If an entry holds a picture, leave the picture out and output everything else exactly.

> _Supplied material_
◇ ◇ ◇ ◇ ◇ ◇ ◇

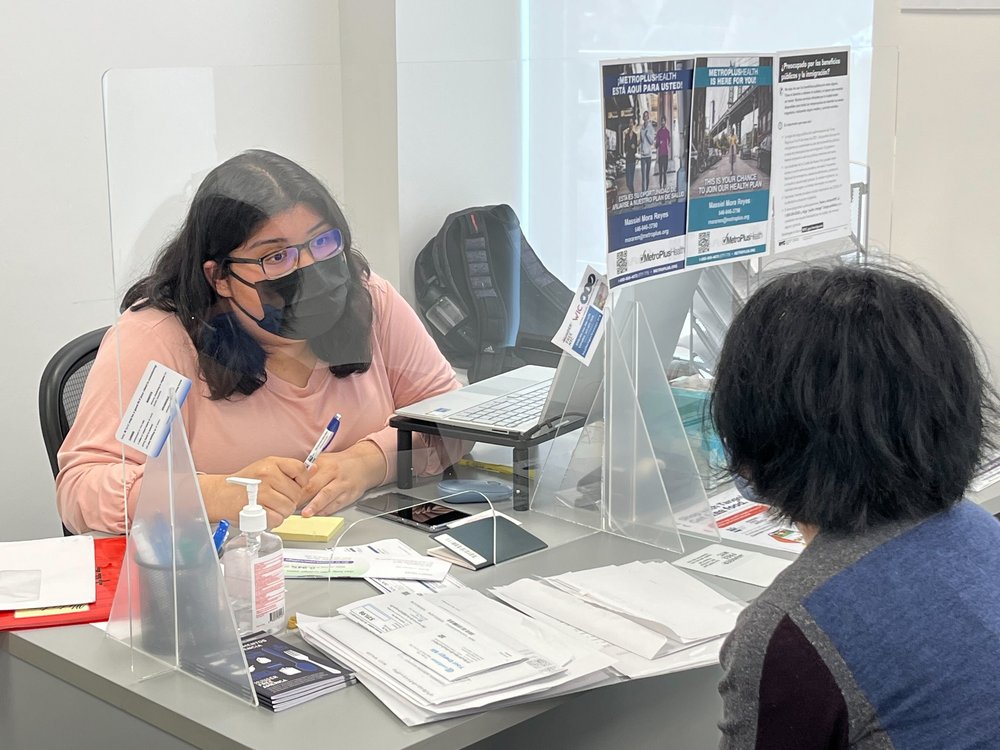 Benefit Access Specialist Jennifer Pereda talks to Blanca Lopez about getting recertified for SNAP at the Hunger Free America office in the Bronx.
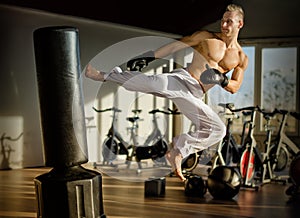 Shirtless young man doing flying kick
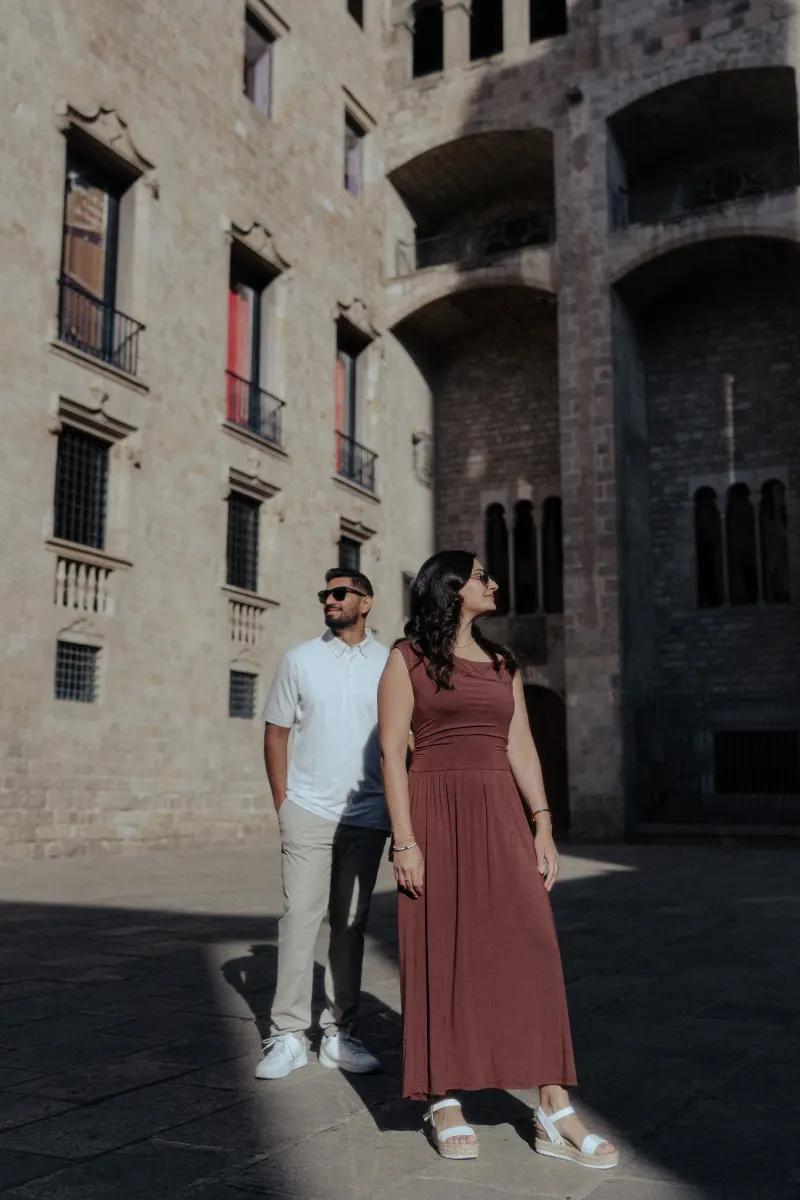 Couple enjoys a quiet moment together in soft sunlight during their engagement photoshoot in a historic city courtyard.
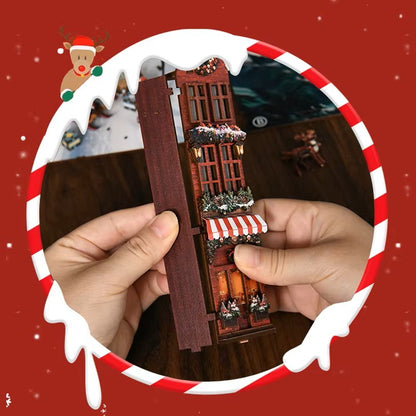 DIY book nook kit “Merry Market Lane,” featuring a warmly lit winter street with festive storefronts, snow-topped rooftops, and a softly bustling holiday vibe. A detailed DIY and crafts project perfect for holiday lovers and miniature collectors.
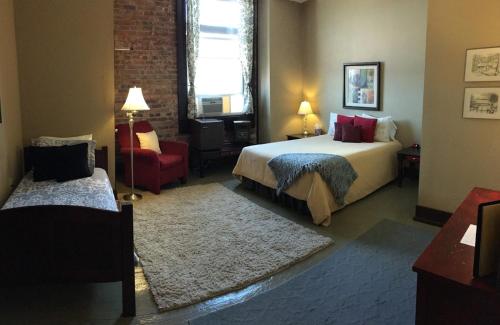 a hotel room with a bed and a chair at Morguen Toole in Meyersdale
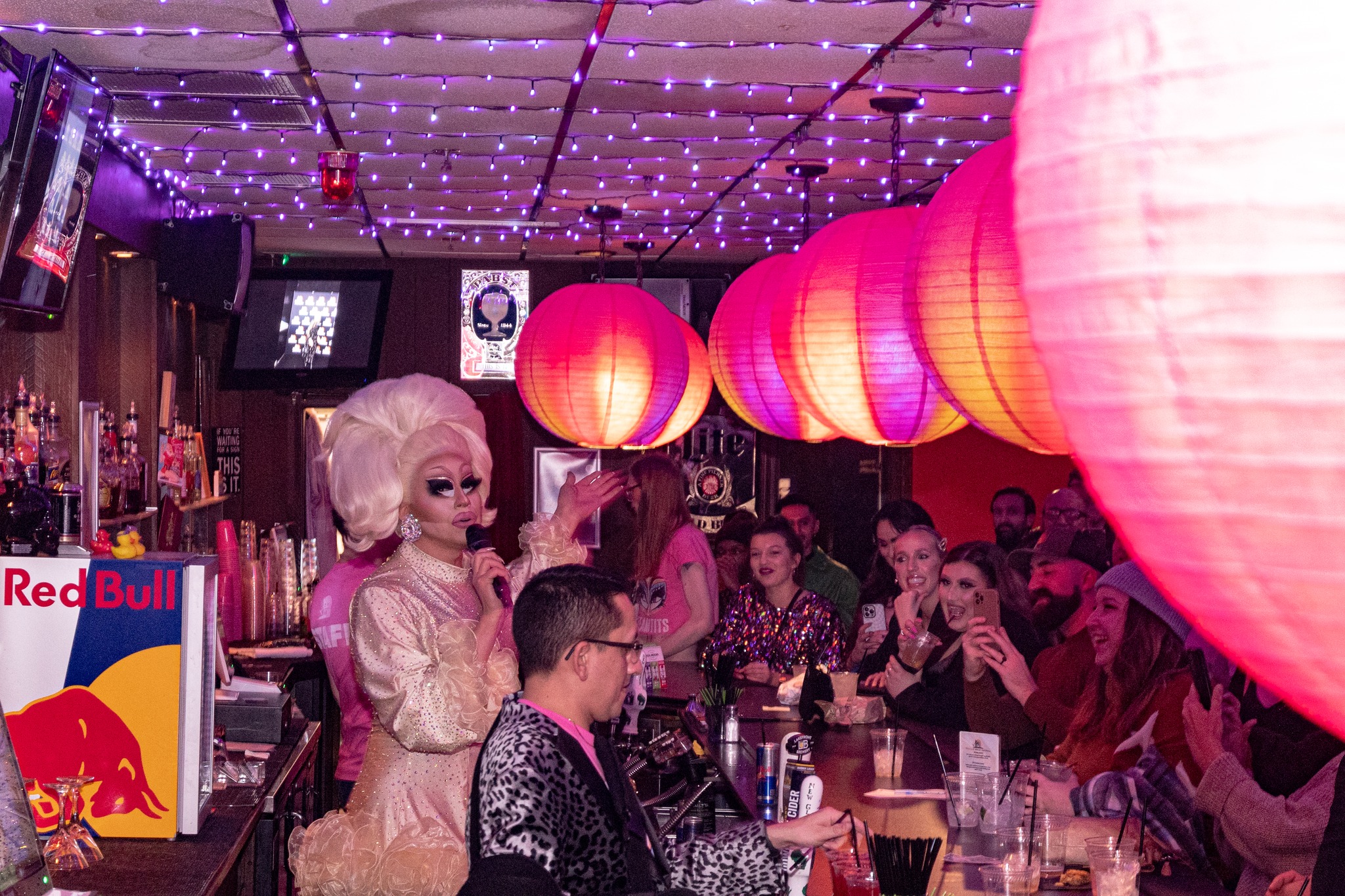 Trixie Mattel, a drag performer with giant blonde wig, holds the microphone among a seated crowd in a bar with pink and red lanterns.
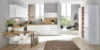 Helle Nolte cucina con il programma di frontali PLUS in bianco softmatt, combinato con piani di lavoro in legno e postazione di lavoro integrata in ambiente living aperto e pieno di luce.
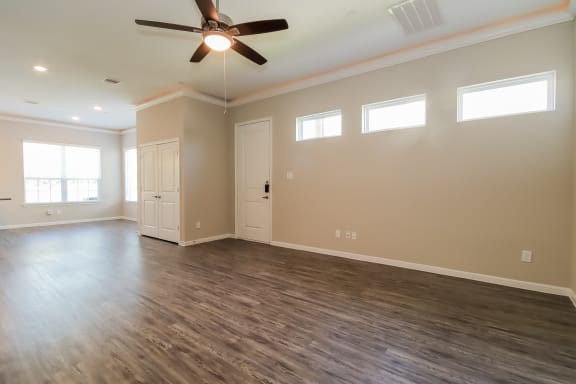 Spacious Living Area with Luxury Laminate Wood Flooring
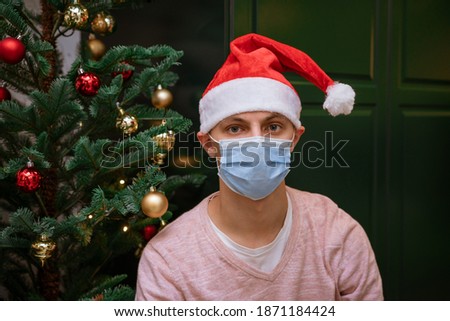 young man near a Christmas tree at home wearing a mask and hat of Santa Claus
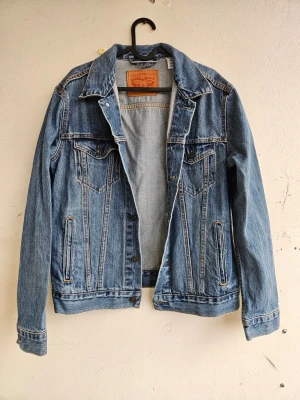 Levi's jeansjacka - Jeansjacka från Levi's i jättefint skick, knappt använd. Storlek M. En bröstficka och en sidoficka på varje sida.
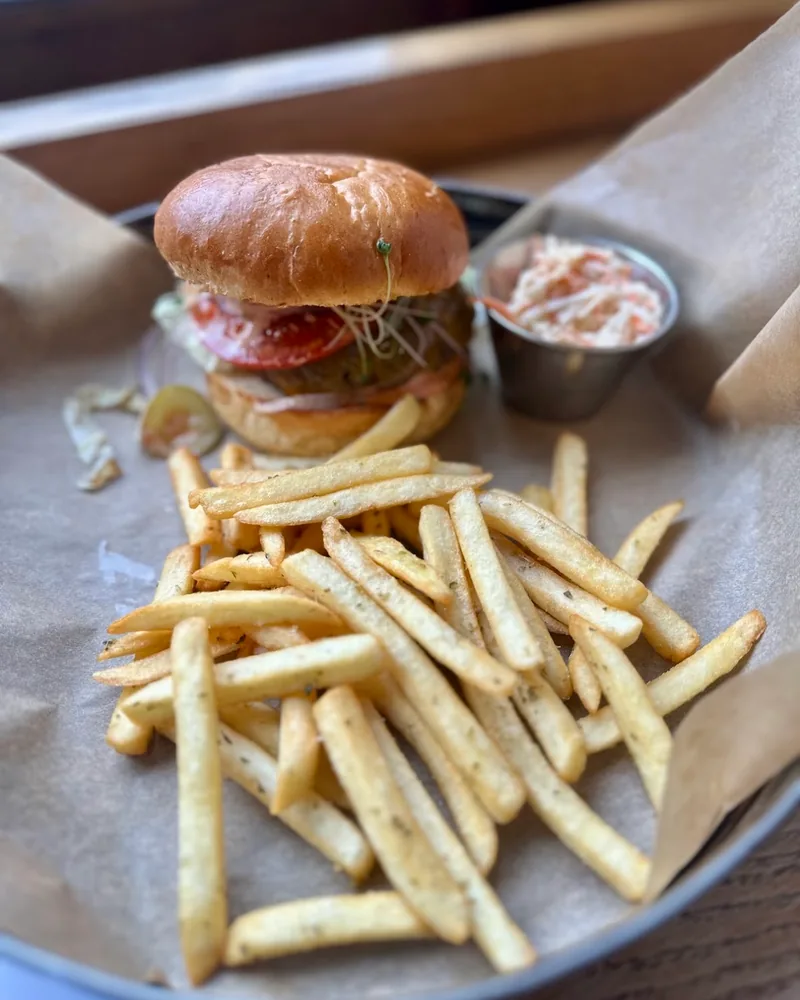 Burger and French fries with coleslaw in a metal tray at Burger House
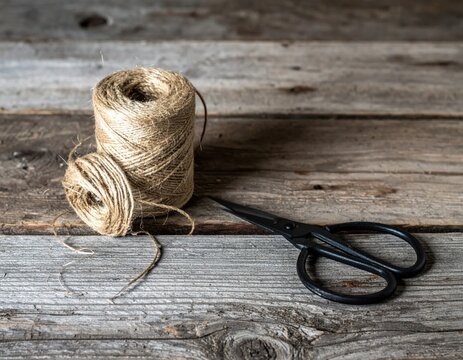 Natural jute twine rope spools and vintage metal scissors on aged rustic wood background, craft and DIY hobby supplies, farmhouse aesthetic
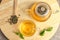 Cup of hot aromatic tea and teapot on table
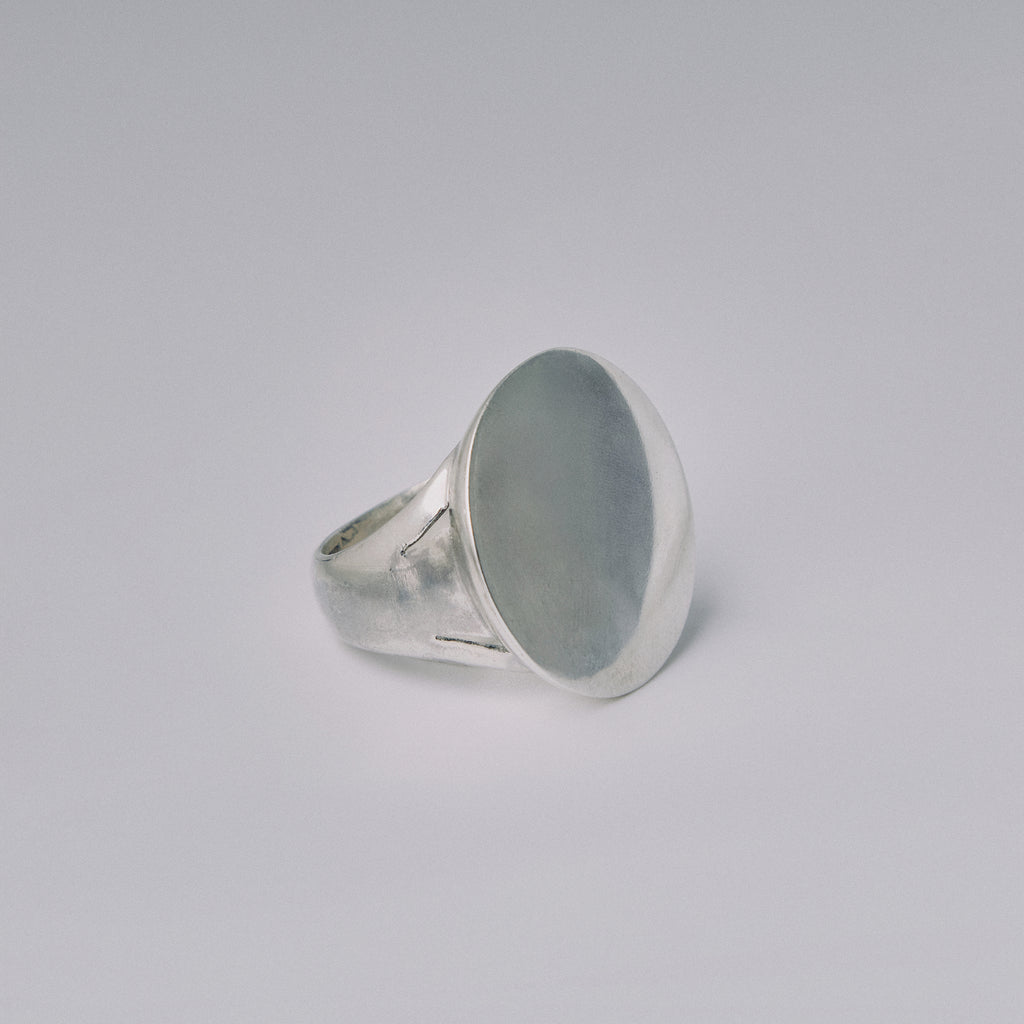 Silver ring with a large oval stone on a light gray background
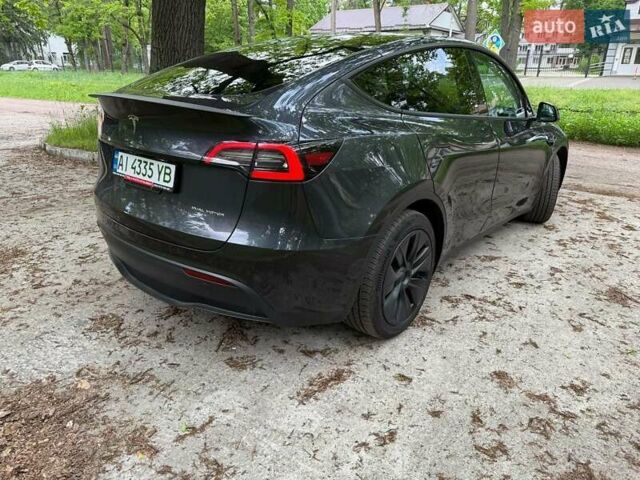 Серый Тесла Model Y, объемом двигателя 0 л и пробегом 9 тыс. км за 29990 $, фото 4 на Automoto.ua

◇ ◇ ◇ ◇ ◇ ◇ ◇

> _Task result_
 Benefit Access Specialist Jennifer Pereda talks to Blanca Lopez about getting recertified for SNAP at the Hunger Free America office in the Bronx.
 Shirtless young man doing flying kick
 Couple enjoys a quiet moment together in soft sunlight during their engagement photoshoot in a historic city courtyard.
 DIY book nook kit “Merry Market Lane,” featuring a warmly lit winter street with festive storefronts, snow-topped rooftops, and a softly bustling holiday vibe. A detailed DIY and crafts project perfect for holiday lovers and miniature collectors.
 a hotel room with a bed and a chair at Morguen Toole in Meyersdale
 Trixie Mattel, a drag performer with giant blonde wig, holds the microphone among a seated crowd in a bar with pink and red lanterns.
 Helle Nolte cucina con il programma di frontali PLUS in bianco softmatt, combinato con piani di lavoro in legno e postazione di lavoro integrata in ambiente living aperto e pieno di luce.
 Spacious Living Area with Luxury Laminate Wood Flooring
 young man near a Christmas tree at home wearing a mask and hat of Santa Claus
 Levi's jeansjacka - Jeansjacka från Levi's i jättefint skick, knappt använd. Storlek M. En bröstficka och en sidoficka på varje sida.
 Burger and French fries with coleslaw in a metal tray at Burger House
 Natural jute twine rope spools and vintage metal scissors on aged rustic wood background, craft and DIY hobby supplies, farmhouse aesthetic
 Cup of hot aromatic tea and teapot on table
 Silver ring with a large oval stone on a light gray background
 Серый Тесла Model Y, объемом двигателя 0 л и пробегом 9 тыс. км за 29990 $, фото 4 на Automoto.ua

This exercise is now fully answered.